On July 17, 2008, plaintiff had back surgery.
AR 288.
Dr. Michael Ebersold
performed a left L2-L3 partial hemilaminectomy and removed a portion of an extruded disc.
AR 291. He limited plaintiff to lifting no more than 15 to 20 pounds for the following four
weeks. AR 288.
Plaintiff’s file shows no primary care treatment from November 2008 (when she saw
a doctor for respiratory problems but made no mention of any back pain), AR 376-77, until
November 30, 2010, when she returned to the Mile Bluff Clinic, complaining of back
swelling and lower back pain radiating into her buttock and right lower extremity, with
numbness and tingling.
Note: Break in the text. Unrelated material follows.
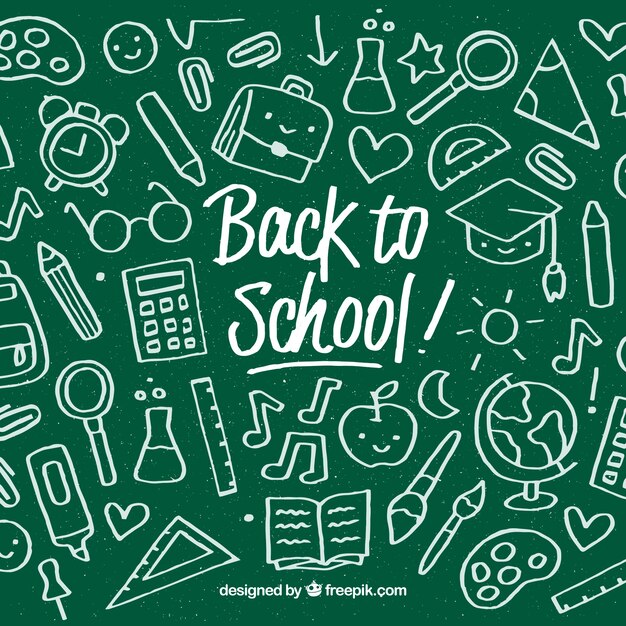 Back to school background in green chalkboard style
AR 299. The treating doctor ordered an MRI, which failed to
explain her symptoms, recommended physical therapy and prescribed diclofeniac, gabentin
and Tylenol. Id.
At a December 23, 2010 visit to the clinic, plaintiff reported that her pain was less.
The doctor observed that she was able to heel and toe walk and had negative straight leg
raising in both the sitting and supine positions, but some discomfort in simulated rotation.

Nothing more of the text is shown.